Embora todas as alternativas sejam parte da crise que desencadeou nas livrarias, o mercado livreiro tem apresentado grandes mudanças nos últimos anos que as redes não necessariamente acompanharam. Assim como outros setores do varejo, o mercado livreiro tende a tornar seus canais de venda cada vez mais difusos, capilares. Feiras pequenas e especializadas, sites e influenciadores (que não raro são também vendedores) na internet, clubes de assinaturas, lojas menores. Nesse sentido, a ideia de redes de grandes varejistas, com megastores, que tentam contemplar todas as áreas de publicações de livros (e papelaria, informática, games, cinema, música...), faz cada vez menos sentido para a experiência do consumidor atual.


Assim como outros setores do varejo, o mercado livreiro tende a tornar seus canais de venda cada vez mais difusos, capilares.

Primeira coisa a se notar: a maneira do mundo consumir mudou. Os livros não seriam exceção. O trajeto de decisão do consumidor é mais longo, complexo, e prenhe de informações das mais variadas para gerar a sua decisão.
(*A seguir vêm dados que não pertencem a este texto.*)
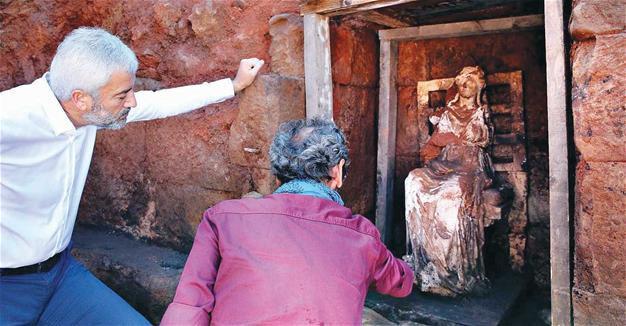 Goddess statue, 2,100-year-old castle threatened by dynamite in Turkeys north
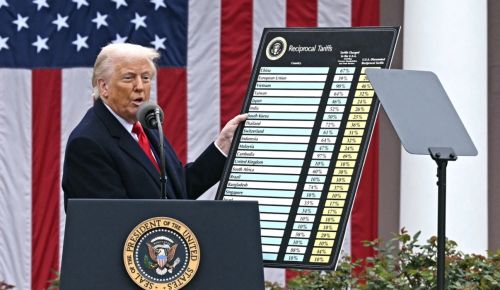 Σοκ στην οικονομία: Απαγόρευσαν τις διεθνείς δασμολογίες Τραμπ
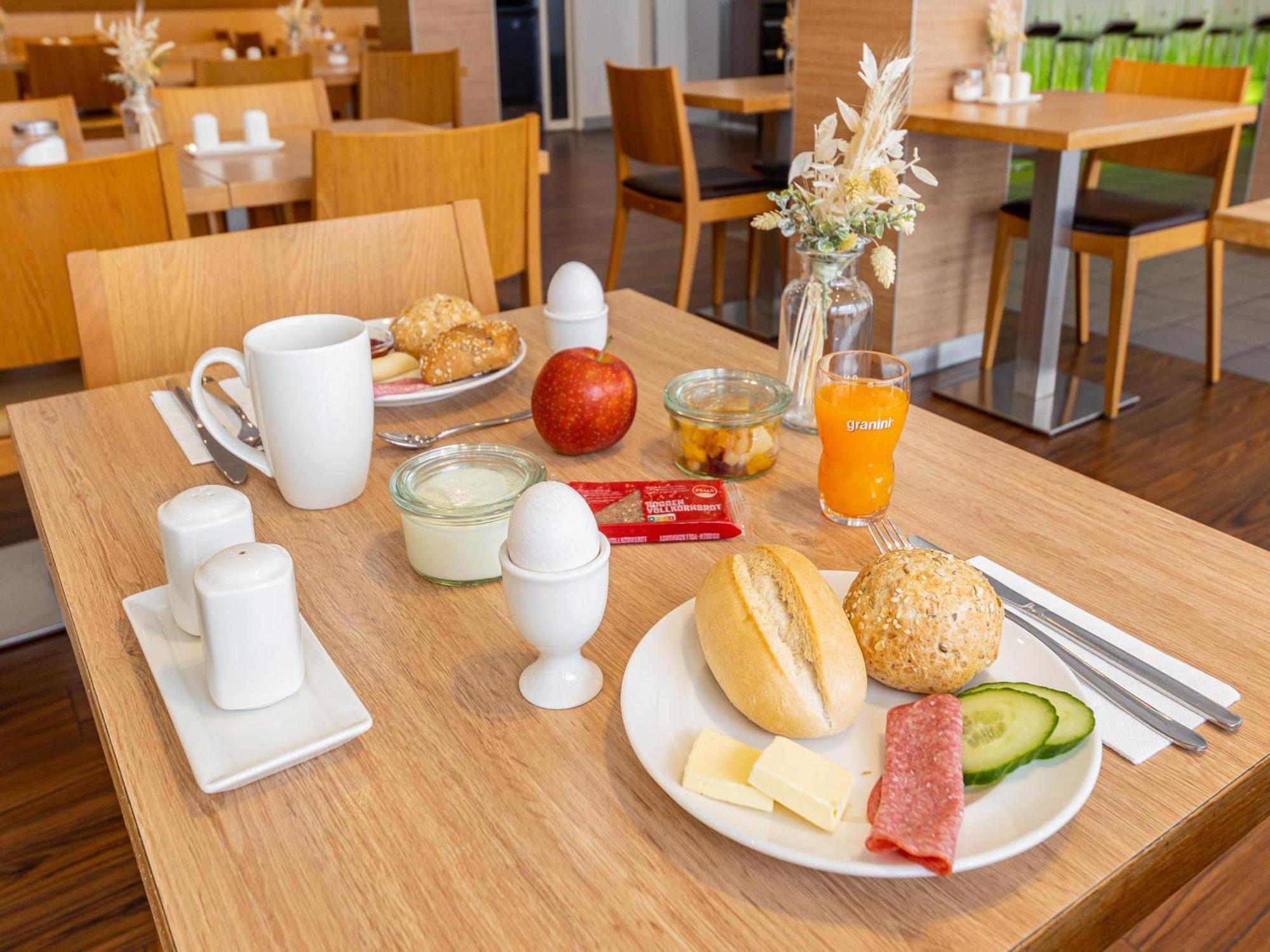 B&B Hotel Duisburg Hbf-Nord מראה חיצוני תמונה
Portanto, comprar hoje é uma ação mais complexa, diversa, informativa e que leva em consideração a experiência durante todo o trajeto. Isso serve para qualquer área, da venda de alimentos a imóveis, passando por carros, entretenimento, viagem, moda e livros. Todo e qualquer bem de consumo, seja produto ou serviço, hoje tem um cenário mais complexo para se vender.


O crescimento de pequenas editoras, por exemplo, é uma dessas mudanças. O mercado editorial brasileiro, dominado por poucas e grandes editoras, tem, hoje em dia, experimentado uma ampliação relevante na concorrência. Essas novas editoras atendem aos públicos que desejam livros como uma forma de experiência. Elas fazem o que as grandes editoras deixaram de fazer: edições com design editorial arrojado e muito criativo. Ou então republicam clássicos (de domínio público) que há muito não são publicados em edições lindas, feitas com muito primor e amor pela literatura e pelo objeto livro – como a editora Carambaia. Editam livros de artistas. Atendem nichos desprezados pelas grandes editoras, como por exemplo as editoras especializadas em literatura africana e afro-brasileira, como a Kapulana ou a Nandyala.


Essas novas editoras atendem aos públicos que desejam livros como uma forma de experiência.

Neste novo cenário, quem é criativo e rápido sai na frente. Veja o sucesso da Tag Livros, que edita título inéditos ou fora de circulação há muito tempo e os entrega, numa edição de capa dura caprichada (para qualquer amante de livros), todos os meses na porta de seus assinantes. Outras empresas surgiram no mesmo modelo de negócios, inclusive abrindo nichos específicos, como os clubes de assinatura de livros evangélicos Jesus Copy ou Holybox.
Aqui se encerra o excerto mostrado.